European rural landscapes in transition: implications for policy and planning

Teresa Pinto Correia, IICAAM (Instituto Ciências Agrárias e Ambientais Mediterrânicas) – Universidade de Évora, mtpc@uevora.pt

Bas Pedroli, Wageningen University, Bas.Pedroli@wur.nl

Jorgen Primdahl, University of Copenhagen, jpr@ign.ku.dk

Summary

The European continent is highly diverse with rich natural and cultural histories and the rural landscapes reflect this diversity. It is to a large extent the variety and heterogeneity, both at regional and local scales, which characterize the European landscapes. The symposium will focus on the transitions going on in agriculture, forestry and other uses, which now shape the European rural landscapes. Following, it will also focus on the development of new management paradigms, increasingly designed at the landscape scale and involving multiple actors. 

Description

European rural landscapes as we can experience them today are the result of ongoing processes and interactions between nature and society.  Gradually every single local landscape has been more and more affected by changes caused by increasingly more globalized change factors. In the future we can foresee that everything will be different: the landscape which has been so far produced as an externality of agricultural land use (including forestry), is increasingly an object of other societal demands, which influence both agriculture, farmers, land owners, and the landscape directly.  Further, through globalization, the landscape has increasingly been connected to other local landscapes and therefore has become part of a global space of flows. Agricultural structural change, in one side, and urbanization, as an overall process of consumption of the rural space, on the other, are the two most important processes affecting European rural landscapes.  An increasing differentiation will take place, between pure agricultural spaces in its strict sense - governed by economic incentives and global food policy – and multifunctional rural areas in a wider sense, where farming is less competitive but where farmers and the involved communities, increasingly diverse,  take responsibilities for the landscape as a common good, with increasing interaction.

 

This symposium will gather researchers working with changing European rural landscapes, how they  can be understood in terms of functions and structure, how they are represented and given meaning to by people and how they are subjects to conflicts and home of social communities or shaped by economic activities. Approaches to unfold the processes going on, so that so far un-seen processes are disentangled, are welcome.  Research on the changing role of agriculture, and how the sector is losing its position in the shaping of the rural, and therefore also part of its societal legitimacy, is also welcome. Further, we aim to address how new place based paradigms are needed, for consciously coming to terms with the rich inherited diversity of European landscapes, in new ways of interaction, and propose models for this change to be implemented in practice. 

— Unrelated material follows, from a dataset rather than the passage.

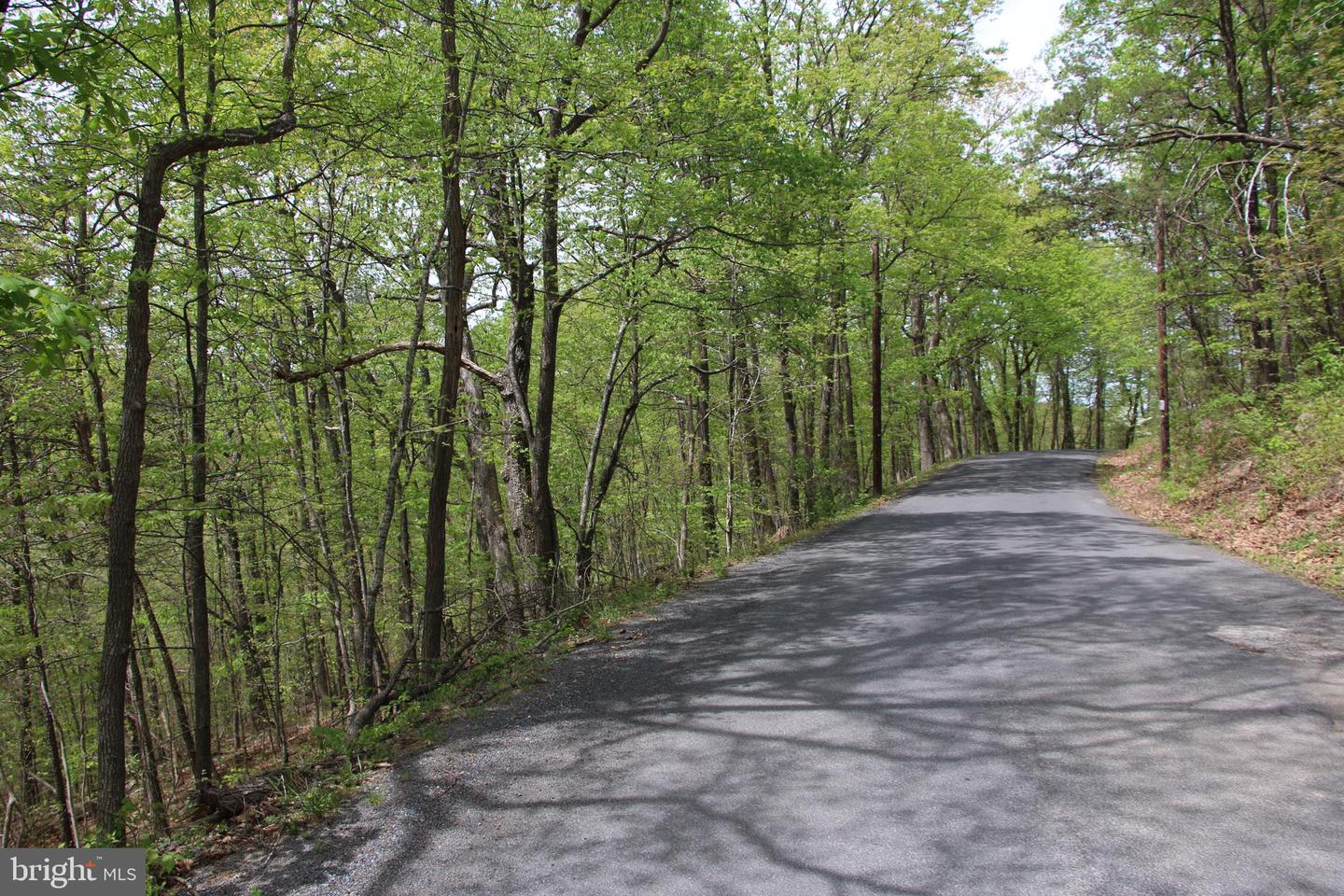 DRUMMER HILL RD, FRONT ROYAL, Virginia 22630, ,Land,For sale,DRUMMER HILL RD,VAWR2010946 MLS # VAWR2010946 DRUMMER HILL RD, FRONT ROYAL, Virginia 22630, ,Land,For sale,DRUMMER HILL RD,VAWR2010946 MLS # VAWR2010946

What can participants expect to learn?

New insights into the processes of change affecting the rural landscapes, the main drivers and their interplay,  which are generalised across Europe –  and also across other regions of the world. These will be grounded on a discussion of evidence, and also on a discussion of methodological approaches that can tackle the on-going change in its complexity.

Conceptual frameworks and empirical knowledge on place based landscape management integrating the rural community.

Impact 

Different possible publications and dissemination – to be discussed among participants.